Dataset excerpts:

***

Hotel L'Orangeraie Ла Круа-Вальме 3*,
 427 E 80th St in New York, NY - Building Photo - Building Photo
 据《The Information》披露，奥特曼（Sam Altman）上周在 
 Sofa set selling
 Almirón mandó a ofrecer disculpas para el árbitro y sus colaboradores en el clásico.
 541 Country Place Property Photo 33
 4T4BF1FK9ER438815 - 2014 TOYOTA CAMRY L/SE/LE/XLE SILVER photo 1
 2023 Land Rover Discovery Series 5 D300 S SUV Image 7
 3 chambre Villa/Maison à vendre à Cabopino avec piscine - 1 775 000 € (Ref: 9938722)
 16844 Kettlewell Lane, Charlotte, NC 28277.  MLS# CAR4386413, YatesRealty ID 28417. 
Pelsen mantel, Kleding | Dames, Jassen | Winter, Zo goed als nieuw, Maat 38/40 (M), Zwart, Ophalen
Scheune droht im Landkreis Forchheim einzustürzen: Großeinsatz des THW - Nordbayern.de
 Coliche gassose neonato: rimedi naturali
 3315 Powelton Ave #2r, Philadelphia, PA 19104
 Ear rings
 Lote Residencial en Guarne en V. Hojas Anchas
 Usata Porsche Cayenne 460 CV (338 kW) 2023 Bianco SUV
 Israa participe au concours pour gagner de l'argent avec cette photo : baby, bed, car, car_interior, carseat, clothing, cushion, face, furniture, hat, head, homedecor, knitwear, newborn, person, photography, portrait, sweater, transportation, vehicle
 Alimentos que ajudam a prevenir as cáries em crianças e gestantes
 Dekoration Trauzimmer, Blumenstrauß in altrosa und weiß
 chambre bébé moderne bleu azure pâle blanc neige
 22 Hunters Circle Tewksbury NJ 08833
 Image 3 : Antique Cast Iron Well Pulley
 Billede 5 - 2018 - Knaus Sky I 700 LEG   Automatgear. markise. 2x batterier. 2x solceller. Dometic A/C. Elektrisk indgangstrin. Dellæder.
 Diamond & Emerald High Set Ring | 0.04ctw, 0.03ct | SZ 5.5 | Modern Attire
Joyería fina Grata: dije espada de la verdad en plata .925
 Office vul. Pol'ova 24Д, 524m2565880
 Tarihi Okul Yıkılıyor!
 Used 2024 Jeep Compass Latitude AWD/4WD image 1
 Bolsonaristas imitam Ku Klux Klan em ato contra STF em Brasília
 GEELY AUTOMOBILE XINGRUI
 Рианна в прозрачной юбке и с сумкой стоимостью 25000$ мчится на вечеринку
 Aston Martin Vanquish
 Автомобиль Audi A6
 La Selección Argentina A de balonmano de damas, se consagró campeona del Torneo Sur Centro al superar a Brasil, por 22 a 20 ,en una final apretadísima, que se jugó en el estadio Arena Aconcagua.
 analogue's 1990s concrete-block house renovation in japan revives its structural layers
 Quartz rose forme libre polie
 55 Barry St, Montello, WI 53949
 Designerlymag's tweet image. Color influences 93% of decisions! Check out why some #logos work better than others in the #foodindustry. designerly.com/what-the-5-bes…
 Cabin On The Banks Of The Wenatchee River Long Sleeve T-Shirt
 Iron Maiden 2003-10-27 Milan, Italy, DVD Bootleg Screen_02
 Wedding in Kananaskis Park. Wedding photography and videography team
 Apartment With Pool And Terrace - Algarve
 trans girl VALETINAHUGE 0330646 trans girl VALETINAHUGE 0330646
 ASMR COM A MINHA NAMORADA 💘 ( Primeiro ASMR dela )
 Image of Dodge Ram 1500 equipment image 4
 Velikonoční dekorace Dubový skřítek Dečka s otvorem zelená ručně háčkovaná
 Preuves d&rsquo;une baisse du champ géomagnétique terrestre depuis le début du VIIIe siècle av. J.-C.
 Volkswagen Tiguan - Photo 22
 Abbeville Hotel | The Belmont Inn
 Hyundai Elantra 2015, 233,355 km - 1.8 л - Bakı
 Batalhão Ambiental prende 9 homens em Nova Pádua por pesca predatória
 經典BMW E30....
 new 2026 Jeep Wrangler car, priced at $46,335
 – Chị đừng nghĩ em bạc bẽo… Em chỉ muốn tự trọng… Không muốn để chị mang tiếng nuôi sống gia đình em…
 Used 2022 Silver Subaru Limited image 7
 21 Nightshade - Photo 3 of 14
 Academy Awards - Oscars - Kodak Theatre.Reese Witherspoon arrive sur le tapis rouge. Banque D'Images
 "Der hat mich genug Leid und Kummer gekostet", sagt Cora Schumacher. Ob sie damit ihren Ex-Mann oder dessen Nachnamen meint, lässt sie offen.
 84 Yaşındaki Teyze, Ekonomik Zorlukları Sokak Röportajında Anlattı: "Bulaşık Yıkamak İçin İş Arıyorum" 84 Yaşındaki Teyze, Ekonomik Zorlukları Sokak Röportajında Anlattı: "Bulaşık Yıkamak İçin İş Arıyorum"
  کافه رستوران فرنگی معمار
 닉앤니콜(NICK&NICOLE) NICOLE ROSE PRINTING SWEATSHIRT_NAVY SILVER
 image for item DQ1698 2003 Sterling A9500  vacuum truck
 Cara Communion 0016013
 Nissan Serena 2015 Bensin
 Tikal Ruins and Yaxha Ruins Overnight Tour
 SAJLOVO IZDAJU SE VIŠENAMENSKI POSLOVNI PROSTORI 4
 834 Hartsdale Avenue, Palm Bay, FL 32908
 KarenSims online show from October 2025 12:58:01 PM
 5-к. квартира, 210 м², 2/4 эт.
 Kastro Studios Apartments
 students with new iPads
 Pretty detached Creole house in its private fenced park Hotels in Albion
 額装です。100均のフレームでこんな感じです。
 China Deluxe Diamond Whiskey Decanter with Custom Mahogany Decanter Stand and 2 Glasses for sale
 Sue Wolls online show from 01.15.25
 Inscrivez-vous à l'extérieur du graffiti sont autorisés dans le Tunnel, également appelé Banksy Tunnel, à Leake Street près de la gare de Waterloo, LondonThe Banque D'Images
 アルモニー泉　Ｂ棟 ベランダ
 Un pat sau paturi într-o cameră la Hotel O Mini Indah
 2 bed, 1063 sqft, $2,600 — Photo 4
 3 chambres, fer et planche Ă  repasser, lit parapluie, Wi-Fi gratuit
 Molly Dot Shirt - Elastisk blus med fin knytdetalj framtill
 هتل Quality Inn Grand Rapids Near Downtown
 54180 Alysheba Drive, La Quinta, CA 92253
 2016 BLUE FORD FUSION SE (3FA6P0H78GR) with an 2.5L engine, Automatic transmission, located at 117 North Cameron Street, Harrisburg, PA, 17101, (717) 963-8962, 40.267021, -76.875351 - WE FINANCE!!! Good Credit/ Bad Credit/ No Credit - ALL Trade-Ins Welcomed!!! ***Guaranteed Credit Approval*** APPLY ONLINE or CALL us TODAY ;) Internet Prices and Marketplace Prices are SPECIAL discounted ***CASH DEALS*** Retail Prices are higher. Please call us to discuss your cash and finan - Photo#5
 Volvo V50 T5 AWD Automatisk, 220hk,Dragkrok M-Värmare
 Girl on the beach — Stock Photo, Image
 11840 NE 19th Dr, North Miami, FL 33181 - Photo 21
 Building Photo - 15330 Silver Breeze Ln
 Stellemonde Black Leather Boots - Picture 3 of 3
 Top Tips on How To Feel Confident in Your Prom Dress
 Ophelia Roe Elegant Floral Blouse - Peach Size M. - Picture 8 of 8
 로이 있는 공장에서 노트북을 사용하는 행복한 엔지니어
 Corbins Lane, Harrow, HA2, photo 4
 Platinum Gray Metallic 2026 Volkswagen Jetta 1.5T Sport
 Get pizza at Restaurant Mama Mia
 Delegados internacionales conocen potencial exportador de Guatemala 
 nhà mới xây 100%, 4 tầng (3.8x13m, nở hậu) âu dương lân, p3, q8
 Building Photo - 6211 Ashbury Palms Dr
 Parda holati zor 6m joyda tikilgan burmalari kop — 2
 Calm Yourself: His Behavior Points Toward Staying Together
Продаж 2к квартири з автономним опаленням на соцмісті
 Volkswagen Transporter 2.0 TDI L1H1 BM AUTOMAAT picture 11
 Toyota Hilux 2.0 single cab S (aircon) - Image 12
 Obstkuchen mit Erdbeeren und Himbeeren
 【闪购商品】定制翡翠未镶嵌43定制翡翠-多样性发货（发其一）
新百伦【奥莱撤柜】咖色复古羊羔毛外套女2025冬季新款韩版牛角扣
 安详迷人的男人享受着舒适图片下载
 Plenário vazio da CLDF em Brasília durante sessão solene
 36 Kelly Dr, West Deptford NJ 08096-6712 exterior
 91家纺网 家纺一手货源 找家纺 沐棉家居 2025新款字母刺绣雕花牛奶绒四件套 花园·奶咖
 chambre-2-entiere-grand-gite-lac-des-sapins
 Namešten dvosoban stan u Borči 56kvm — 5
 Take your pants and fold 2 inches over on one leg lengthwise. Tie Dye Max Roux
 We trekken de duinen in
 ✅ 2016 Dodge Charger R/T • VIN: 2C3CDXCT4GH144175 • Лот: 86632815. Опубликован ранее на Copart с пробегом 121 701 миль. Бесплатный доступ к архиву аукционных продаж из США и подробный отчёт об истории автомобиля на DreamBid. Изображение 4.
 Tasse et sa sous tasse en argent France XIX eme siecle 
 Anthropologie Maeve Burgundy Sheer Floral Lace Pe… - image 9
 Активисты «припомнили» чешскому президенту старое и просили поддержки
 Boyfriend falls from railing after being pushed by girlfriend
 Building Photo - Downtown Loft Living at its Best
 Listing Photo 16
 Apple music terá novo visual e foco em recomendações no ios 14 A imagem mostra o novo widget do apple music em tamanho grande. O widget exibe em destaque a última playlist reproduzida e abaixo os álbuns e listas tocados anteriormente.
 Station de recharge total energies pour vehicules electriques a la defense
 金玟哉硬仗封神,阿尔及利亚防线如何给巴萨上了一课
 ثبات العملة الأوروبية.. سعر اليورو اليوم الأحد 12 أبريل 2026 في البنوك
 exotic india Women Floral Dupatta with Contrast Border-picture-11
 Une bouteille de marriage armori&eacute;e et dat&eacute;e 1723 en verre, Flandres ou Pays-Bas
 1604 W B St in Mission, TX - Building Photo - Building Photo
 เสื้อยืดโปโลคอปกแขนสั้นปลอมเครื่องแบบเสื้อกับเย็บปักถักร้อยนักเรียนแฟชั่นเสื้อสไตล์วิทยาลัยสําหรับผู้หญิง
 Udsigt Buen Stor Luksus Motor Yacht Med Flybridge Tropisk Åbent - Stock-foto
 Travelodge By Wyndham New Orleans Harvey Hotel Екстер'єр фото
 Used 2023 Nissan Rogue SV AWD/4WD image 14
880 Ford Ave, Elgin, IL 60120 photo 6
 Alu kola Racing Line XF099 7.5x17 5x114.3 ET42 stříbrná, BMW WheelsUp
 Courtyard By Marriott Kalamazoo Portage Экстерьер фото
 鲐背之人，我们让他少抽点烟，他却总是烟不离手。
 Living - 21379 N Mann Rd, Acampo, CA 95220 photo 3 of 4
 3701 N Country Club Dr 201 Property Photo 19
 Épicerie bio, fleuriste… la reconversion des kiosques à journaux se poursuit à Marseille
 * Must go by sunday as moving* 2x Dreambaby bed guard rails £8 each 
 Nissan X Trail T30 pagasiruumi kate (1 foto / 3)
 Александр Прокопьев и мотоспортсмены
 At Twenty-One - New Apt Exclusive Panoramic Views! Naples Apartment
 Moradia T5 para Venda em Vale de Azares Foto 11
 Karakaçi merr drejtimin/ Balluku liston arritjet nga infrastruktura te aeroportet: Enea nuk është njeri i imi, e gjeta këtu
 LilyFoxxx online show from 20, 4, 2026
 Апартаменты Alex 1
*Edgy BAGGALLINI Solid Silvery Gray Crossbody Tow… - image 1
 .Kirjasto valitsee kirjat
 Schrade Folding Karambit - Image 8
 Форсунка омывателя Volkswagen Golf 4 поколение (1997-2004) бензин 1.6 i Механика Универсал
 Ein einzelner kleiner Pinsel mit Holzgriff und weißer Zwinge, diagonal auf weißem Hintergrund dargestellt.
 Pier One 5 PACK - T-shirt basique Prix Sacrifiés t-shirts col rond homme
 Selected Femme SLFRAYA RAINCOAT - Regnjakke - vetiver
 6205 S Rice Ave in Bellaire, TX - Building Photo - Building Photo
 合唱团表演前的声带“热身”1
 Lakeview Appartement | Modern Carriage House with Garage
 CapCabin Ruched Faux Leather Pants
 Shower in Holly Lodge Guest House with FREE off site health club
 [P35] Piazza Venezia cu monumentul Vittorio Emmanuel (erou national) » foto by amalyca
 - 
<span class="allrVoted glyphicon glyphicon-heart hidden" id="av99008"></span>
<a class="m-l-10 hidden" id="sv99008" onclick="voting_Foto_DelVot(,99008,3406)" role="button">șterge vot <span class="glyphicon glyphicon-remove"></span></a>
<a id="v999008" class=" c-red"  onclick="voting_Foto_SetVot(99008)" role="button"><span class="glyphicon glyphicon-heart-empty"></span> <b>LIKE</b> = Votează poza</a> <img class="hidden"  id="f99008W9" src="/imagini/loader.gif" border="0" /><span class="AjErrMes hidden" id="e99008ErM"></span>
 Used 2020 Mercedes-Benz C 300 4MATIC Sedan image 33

***

**Work to be completed**
Could you write out, exactly as they stand, only the lines above that begin at the line with "Velikonoční dekorace Dubový" and stop after the line with "gia đình em…"?

**Task answer**
 Velikonoční dekorace Dubový skřítek Dečka s otvorem zelená ručně háčkovaná
 Preuves d&rsquo;une baisse du champ géomagnétique terrestre depuis le début du VIIIe siècle av. J.-C.
 Volkswagen Tiguan - Photo 22
 Abbeville Hotel | The Belmont Inn
 Hyundai Elantra 2015, 233,355 km - 1.8 л - Bakı
 Batalhão Ambiental prende 9 homens em Nova Pádua por pesca predatória
 經典BMW E30....
 new 2026 Jeep Wrangler car, priced at $46,335
 – Chị đừng nghĩ em bạc bẽo… Em chỉ muốn tự trọng… Không muốn để chị mang tiếng nuôi sống gia đình em…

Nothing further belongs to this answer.